Kreativität ist gefordert
Welcher Spielraum bleibt überhaupt noch, wenn die Welle aufschlägt? Am Inselspital würde nach einem Stufenschema gearbeitet, sollten sich die personellen Ausfälle häufen.
Dasselbe gilt für das Zürcher Unispital, zudem führe man interne Pools an Mitarbeitenden in der Pflege, die Abteilungen bei Bedarf unterstützen könnten. «Da viele Tätigkeiten eine Spezialisierung erfordern, sind diese Möglichkeiten aber begrenzt, ebenso durch den generellen Mangel an Pflegefachpersonen», hält USZ-Sprecherin Hürlimann fest.
Yvonne Ribi vom Pflegenden-Berufsverband denkt ausserdem an die Verschiebung von Operationen oder daran, dass qualifiziertes Personal, das derzeit nicht auf dem Beruf arbeitet, wieder rekrutiert wird. «Dies könnte etwa durch finanzielle Anreize gefördert werden», sagt sie. Wichtig sei aber, dass ein Wiedereinstieg in den Beruf freiwillig erfolge. Also anders als in Graubünden, wo sich ehemalige Pflegende melden müssen. «Eine solche Pflicht lehnen wir klar ab», hält Ribi fest.

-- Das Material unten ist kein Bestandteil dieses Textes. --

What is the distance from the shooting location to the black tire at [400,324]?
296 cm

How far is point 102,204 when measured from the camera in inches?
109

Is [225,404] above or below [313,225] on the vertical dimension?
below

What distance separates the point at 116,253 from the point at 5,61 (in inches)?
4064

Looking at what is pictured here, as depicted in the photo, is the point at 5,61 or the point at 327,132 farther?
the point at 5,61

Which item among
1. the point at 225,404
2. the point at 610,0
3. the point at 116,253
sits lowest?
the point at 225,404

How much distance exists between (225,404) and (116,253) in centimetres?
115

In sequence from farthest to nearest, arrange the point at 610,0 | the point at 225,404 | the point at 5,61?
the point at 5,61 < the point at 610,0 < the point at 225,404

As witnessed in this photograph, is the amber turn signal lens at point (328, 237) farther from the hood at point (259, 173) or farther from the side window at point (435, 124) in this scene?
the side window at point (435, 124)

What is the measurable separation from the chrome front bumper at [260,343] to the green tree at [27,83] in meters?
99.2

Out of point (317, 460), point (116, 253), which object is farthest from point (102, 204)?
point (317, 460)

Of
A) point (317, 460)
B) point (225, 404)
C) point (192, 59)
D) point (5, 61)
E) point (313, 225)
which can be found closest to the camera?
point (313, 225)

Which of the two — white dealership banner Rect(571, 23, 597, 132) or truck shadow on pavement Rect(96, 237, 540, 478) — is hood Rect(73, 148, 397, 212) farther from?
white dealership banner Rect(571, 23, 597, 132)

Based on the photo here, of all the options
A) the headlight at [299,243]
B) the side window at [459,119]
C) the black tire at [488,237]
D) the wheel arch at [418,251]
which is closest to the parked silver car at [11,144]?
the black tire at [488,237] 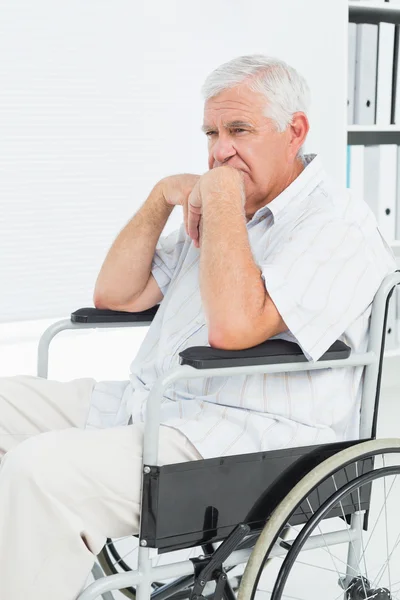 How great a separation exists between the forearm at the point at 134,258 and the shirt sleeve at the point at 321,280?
0.37m

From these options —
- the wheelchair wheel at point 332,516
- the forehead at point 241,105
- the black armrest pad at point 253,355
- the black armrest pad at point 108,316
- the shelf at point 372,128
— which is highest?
the forehead at point 241,105

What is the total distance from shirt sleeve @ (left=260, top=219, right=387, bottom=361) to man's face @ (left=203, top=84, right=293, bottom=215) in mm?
191

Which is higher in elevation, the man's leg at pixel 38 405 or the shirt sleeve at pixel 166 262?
the shirt sleeve at pixel 166 262

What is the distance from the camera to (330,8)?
10.3 ft

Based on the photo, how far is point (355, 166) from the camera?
3.39 metres

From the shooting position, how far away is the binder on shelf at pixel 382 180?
135 inches

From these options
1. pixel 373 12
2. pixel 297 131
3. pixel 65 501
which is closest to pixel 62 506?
pixel 65 501

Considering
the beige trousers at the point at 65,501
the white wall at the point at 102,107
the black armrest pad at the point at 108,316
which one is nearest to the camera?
the beige trousers at the point at 65,501

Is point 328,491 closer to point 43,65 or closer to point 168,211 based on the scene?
point 168,211

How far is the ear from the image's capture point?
1.73 meters

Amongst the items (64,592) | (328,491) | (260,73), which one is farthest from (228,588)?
(260,73)

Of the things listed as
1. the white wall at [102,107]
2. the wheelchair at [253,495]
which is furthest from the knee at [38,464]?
the white wall at [102,107]

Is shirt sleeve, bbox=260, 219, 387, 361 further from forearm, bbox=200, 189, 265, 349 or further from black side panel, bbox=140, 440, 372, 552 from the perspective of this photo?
black side panel, bbox=140, 440, 372, 552

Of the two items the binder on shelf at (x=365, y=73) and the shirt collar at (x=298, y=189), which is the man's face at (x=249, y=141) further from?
the binder on shelf at (x=365, y=73) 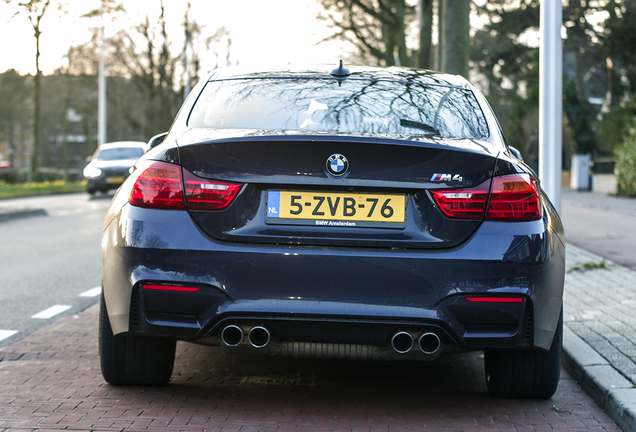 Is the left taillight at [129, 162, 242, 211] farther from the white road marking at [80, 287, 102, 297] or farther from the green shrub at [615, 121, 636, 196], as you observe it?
the green shrub at [615, 121, 636, 196]

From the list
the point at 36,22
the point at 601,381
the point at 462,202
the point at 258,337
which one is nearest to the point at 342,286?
the point at 258,337

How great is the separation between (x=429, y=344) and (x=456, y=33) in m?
12.4

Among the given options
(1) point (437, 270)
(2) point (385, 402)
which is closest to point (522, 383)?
(2) point (385, 402)

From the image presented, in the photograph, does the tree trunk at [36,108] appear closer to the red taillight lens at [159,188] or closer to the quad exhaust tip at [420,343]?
the red taillight lens at [159,188]

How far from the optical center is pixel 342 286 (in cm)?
343

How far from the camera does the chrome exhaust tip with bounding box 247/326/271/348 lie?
138 inches

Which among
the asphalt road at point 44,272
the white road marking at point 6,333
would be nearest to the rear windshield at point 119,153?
the asphalt road at point 44,272

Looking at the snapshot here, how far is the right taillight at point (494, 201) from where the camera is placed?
3.48 metres

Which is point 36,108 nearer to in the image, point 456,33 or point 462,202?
point 456,33

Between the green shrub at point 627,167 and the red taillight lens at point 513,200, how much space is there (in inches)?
951

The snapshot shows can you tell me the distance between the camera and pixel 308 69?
14.5 feet

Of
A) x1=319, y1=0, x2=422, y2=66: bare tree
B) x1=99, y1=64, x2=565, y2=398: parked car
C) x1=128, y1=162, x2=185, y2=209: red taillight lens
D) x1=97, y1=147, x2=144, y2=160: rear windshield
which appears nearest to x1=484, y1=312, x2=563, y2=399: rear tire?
x1=99, y1=64, x2=565, y2=398: parked car

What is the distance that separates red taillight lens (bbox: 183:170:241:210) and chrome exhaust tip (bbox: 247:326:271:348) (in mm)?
528

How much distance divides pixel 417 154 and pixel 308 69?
1148mm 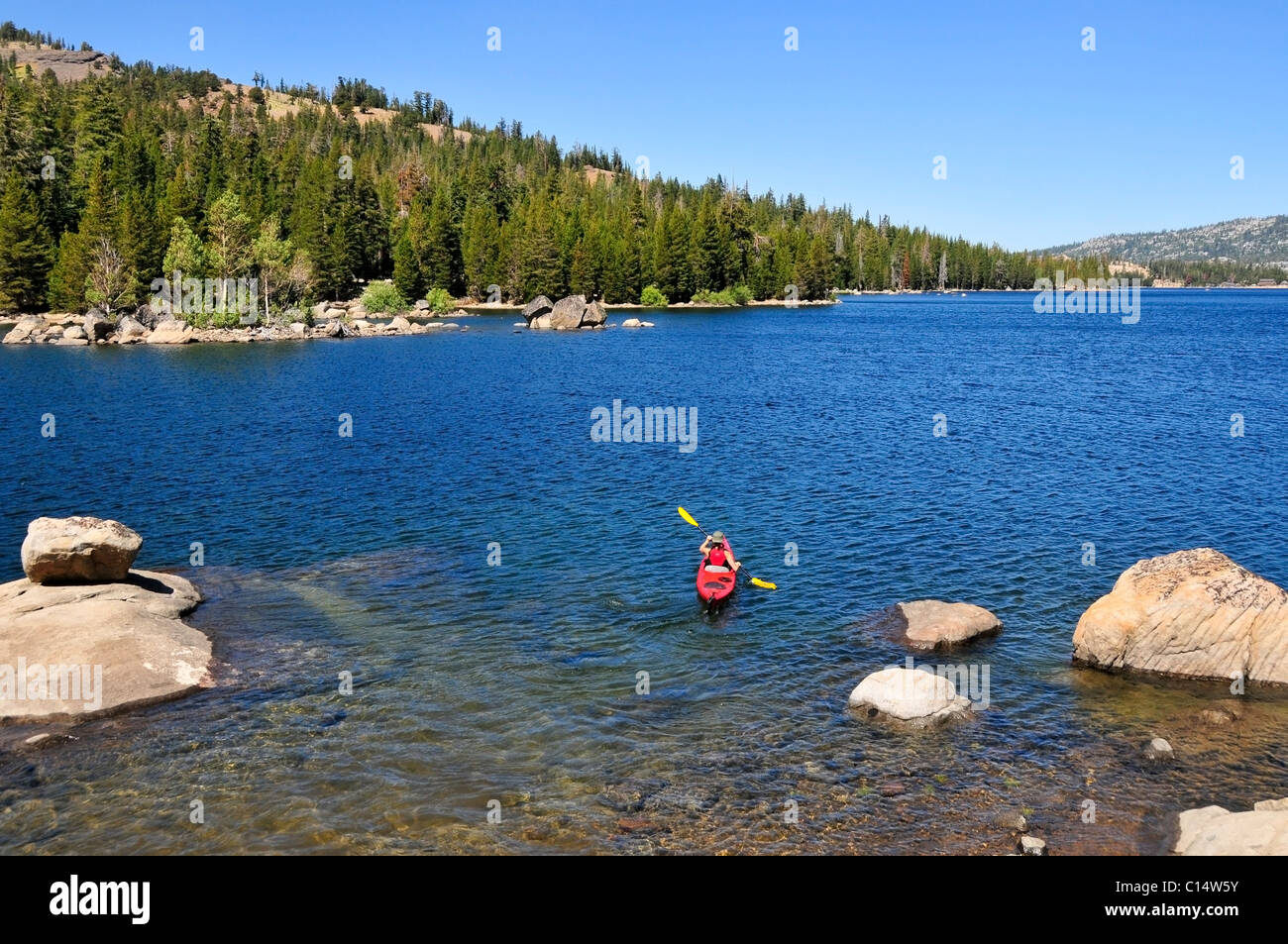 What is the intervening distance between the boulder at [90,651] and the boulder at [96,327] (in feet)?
331

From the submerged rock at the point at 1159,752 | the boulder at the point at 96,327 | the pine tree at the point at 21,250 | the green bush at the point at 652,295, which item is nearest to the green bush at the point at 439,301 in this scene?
the green bush at the point at 652,295

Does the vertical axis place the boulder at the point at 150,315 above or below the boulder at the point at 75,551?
above

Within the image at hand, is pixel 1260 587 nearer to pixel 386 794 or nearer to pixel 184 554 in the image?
pixel 386 794

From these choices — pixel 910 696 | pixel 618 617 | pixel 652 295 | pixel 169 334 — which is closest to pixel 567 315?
pixel 652 295

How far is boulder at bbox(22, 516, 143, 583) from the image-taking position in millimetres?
25391

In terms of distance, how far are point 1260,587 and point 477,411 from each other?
172ft

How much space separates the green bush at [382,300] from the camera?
155 m

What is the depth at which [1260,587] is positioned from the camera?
78.5ft

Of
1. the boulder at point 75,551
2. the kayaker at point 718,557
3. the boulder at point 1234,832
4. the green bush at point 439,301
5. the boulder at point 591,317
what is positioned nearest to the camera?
the boulder at point 1234,832

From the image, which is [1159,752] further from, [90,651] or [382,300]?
[382,300]

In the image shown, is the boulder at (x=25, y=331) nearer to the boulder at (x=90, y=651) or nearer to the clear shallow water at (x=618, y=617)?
the clear shallow water at (x=618, y=617)

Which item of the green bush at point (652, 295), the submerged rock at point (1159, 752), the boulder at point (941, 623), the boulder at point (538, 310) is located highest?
the green bush at point (652, 295)

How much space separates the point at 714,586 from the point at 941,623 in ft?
23.2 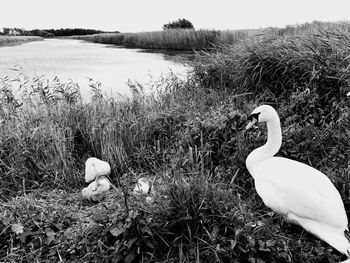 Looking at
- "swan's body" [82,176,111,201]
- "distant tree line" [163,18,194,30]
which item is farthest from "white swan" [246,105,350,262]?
"distant tree line" [163,18,194,30]

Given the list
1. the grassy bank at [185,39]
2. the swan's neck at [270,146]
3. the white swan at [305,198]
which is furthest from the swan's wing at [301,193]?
the grassy bank at [185,39]

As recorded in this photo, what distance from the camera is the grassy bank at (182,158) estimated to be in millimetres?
2703

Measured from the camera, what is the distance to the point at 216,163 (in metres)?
4.15

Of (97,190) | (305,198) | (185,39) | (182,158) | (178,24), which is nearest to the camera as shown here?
(305,198)

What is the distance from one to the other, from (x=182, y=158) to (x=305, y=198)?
1373 millimetres

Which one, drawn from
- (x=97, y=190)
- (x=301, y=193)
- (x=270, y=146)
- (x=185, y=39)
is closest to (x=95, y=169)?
(x=97, y=190)

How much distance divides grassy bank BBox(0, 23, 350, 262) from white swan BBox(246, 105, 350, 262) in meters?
0.14

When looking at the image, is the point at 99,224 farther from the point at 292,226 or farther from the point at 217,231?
the point at 292,226

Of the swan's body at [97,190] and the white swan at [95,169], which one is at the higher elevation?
the white swan at [95,169]

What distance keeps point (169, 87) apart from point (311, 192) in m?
4.33

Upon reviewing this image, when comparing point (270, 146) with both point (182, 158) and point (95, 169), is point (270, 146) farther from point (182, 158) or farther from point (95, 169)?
point (95, 169)

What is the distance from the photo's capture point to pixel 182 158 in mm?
3848

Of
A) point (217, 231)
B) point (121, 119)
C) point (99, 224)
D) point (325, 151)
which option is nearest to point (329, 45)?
point (325, 151)

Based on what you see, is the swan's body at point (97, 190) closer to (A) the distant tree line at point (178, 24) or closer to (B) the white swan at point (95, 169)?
(B) the white swan at point (95, 169) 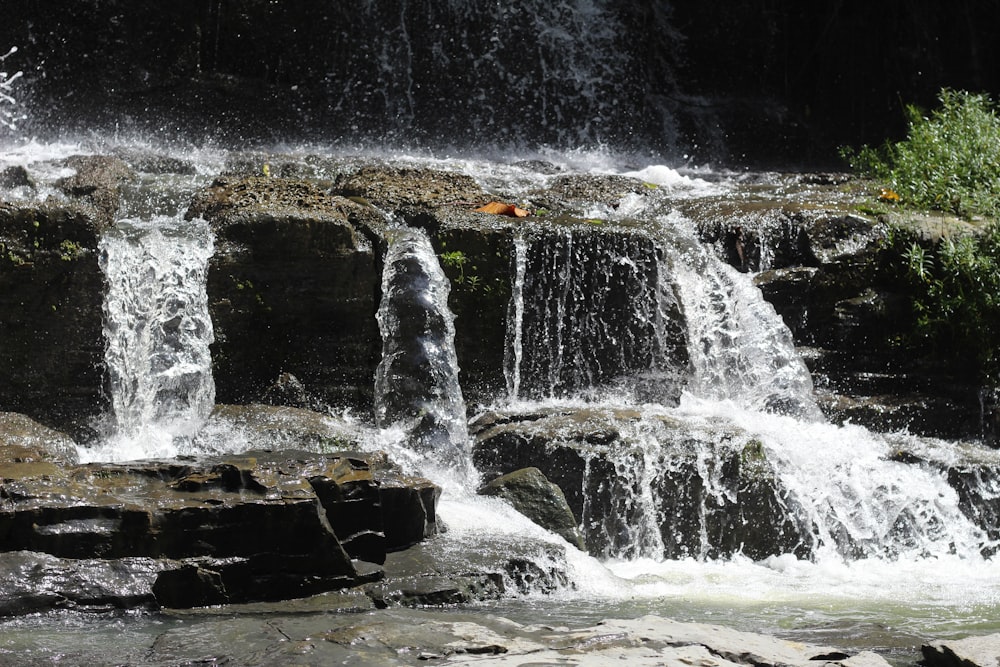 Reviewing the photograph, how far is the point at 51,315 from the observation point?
283 inches

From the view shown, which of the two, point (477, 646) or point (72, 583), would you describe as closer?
point (477, 646)

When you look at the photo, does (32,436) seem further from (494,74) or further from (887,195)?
(494,74)

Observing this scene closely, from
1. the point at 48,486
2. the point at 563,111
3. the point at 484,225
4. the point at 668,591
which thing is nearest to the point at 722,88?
the point at 563,111

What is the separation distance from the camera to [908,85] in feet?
47.1

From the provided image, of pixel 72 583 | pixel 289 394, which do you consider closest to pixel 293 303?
pixel 289 394

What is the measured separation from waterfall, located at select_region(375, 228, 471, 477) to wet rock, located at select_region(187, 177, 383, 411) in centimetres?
19

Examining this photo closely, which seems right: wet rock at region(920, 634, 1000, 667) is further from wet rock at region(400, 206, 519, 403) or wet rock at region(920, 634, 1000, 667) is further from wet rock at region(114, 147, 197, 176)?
wet rock at region(114, 147, 197, 176)

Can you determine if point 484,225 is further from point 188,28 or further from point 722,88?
point 722,88

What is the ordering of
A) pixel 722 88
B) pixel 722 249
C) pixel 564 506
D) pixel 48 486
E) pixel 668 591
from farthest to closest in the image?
1. pixel 722 88
2. pixel 722 249
3. pixel 564 506
4. pixel 668 591
5. pixel 48 486

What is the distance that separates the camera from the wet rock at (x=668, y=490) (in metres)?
6.47

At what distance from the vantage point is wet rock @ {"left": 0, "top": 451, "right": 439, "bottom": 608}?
173 inches

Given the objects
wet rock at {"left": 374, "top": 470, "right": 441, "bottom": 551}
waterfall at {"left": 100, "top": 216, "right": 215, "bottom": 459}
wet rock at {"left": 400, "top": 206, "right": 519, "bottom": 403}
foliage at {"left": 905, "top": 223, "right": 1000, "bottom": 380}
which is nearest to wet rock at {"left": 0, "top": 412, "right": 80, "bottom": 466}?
waterfall at {"left": 100, "top": 216, "right": 215, "bottom": 459}

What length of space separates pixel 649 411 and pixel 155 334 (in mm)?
3147

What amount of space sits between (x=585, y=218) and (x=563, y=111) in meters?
5.28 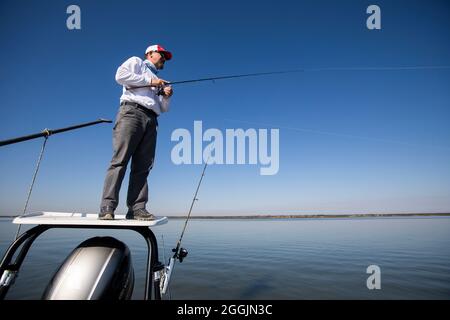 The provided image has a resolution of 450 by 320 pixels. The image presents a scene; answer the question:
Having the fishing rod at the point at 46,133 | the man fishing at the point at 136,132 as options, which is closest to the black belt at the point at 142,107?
the man fishing at the point at 136,132

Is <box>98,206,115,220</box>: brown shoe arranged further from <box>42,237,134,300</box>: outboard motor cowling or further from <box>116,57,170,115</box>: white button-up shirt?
<box>116,57,170,115</box>: white button-up shirt

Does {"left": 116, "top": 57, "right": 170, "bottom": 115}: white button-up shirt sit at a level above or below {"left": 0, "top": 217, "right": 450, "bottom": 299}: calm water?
above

Welche Entlastung die vom Bundesrat beschlossene Halbierung von Quarantäne und Isolation auf fünf Tage bringen wird, müsse sich erst noch zeigen. «Wichtig ist aber, dass jemand erst nach einem negativen Test 48 Stunden ohne Symptome aus Quarantäne oder Isolation entlassen werden kann.»
Bräuchte es angesichts dessen, was da kommt, strengere Corona-Massnahmen? Politische Entscheide will Ribi nicht kommentieren. Sie sieht aber die gesamte Bevölkerung in der Pflicht, um der Omikron-Welle Einhalt zu gebieten. «Wir alle wissen, was zu tun ist, um eine Infektion und damit eine Hospitalisation zu verhindern: Kontakte reduzieren, die Hygiene- und Abstandsregeln einhalten und sich impfen lassen. So kann jeder und jede einen Beitrag leisten.»
Konkreter äusserte sich Rebecca Ruiz, die Vizepräsidentin der Gesundheitsdirektorenkonferenz GDK: Die Zeichen stünden nicht auf eine Lockerung, sondern eher auf eine Verschärfung der Massnahmen. Und Berset? Der Gesundheitsdirektor wiederholte seinen Standpunkt, die bestehenden Massnahmen seien ausreichend: «Es wird gut kommen.»